My comments were in response to ludicrous comments by rightwingers, mostly on threads dealing with civil unions. Had the charge against me been plagiarism, I would have pled guilty. My remarks were no more “off-topic than the silly rightwing Christian comments to which I was responding, yet the Christian comments were allowed to remain.
It was an annoying reminder that there are “gatekeepers” deciding what speech is allowed and which is to be suppressed. The S-A is often arbitrary in whose comments they ban and which they allow to remain. I get a sense that no one wants the job, so whoever takes it on is granted total freedom to act according to their personal pet peeves and mood of the moment.
I eventually sent transcripts of my banned comments to a reporter I know. He intervened for me and I was allowed to re-enter the digital world of active citizenship.
When the only daily “newspaper” has a “natural monopoly” over civil discourse, does that natural monopoly create obligations upon them to allow “free speech” within well-defined, posted standards?
Me too!
I emailed customer service, but got no answer.

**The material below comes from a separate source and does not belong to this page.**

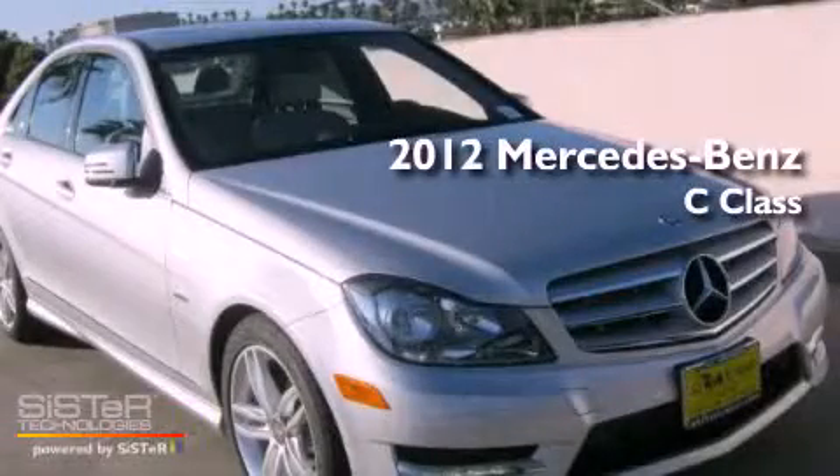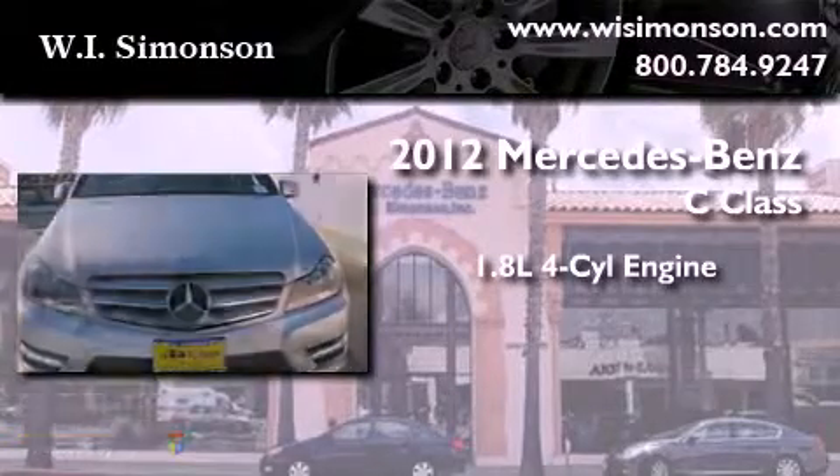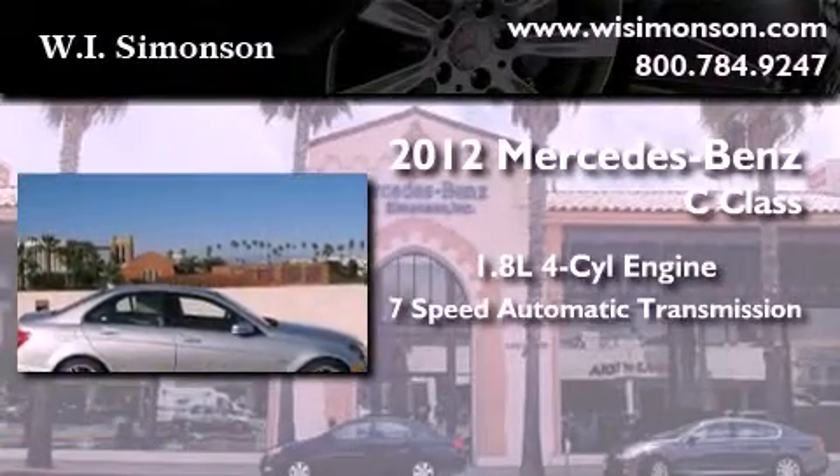This is a brand new 2012 Mercedes-Benz C-Class. It features a 1.8 liter 4-cylinder engine and a 7-speed automatic transmission.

I guess I shouldn’t feel that bad.
I only had ~300.
You sure it’s not that “like-fisher” A Yahoo User?
I think we were off topic?
I wasn’t the “click like” guy 🙂 I posted as kalaheo.
Kalaheo,
I suspect there are two sides to the story. Lots of guilty people sit before the judge and pledge…”not guilty”. In any event, the SA site and all sites (like this one) can remove anything at anytime.

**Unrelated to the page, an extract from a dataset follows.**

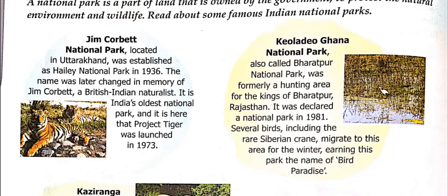Project Tiger was launched at Jim Corbett National Park in 1973. So if someone asks where Project Tiger was launched, the answer is Jim Corbett National Park, Uttarakhand, in 1973. The next one is Keoladeo Ghana National Park, also called Bharatpur National Park.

Oh, I know there are two sides, however, until yesterday, I had never had a comment pulled in 2200 posts, then yesterday EVERY comment I had ever made got deleted.
I know it’s their paper to run as they see fit, but to invite comments and then arbitrarily delete them is extremely disrespectful to their readers.
Today a lot more comments were pulled. Quite a few people (me included) were commenting on several articles about the upcoming charges for ‘premium’ content and, of course, all those comments are deleted by now.
I understand that not everything is always suitable to say, and in some situations they need to remove some comments but in this case it’s just ridiculous. It was nothing but a few people leaving reactions/complaints to the upcoming charges. They should change their blue star into a red one if you ask me, it would fit them better.
I noticed the same complaints errr….”comments” about charging left on nearly every article posted the other day……and you are dismayed you were banned?? Grow up. Now I see for the cost of one piece of luggage to Hilo on Hawaiian I get the SA full access…..deal is looking better everyday.
If you paying $10/yr for digital access to the Star-Advertiser, then you must live on the mainland.
It’s $50/yr if you actually live here.
How is it a “better deal” if you are paying $50/yr for something that was free? Is the Star-Advertiser going to increase the quality of their news coverage?
Kalaheo,
Bitch and moan to your hearts content, but the solution to your angst is simple, don’t buy it. Go away, take your free business elsewhere.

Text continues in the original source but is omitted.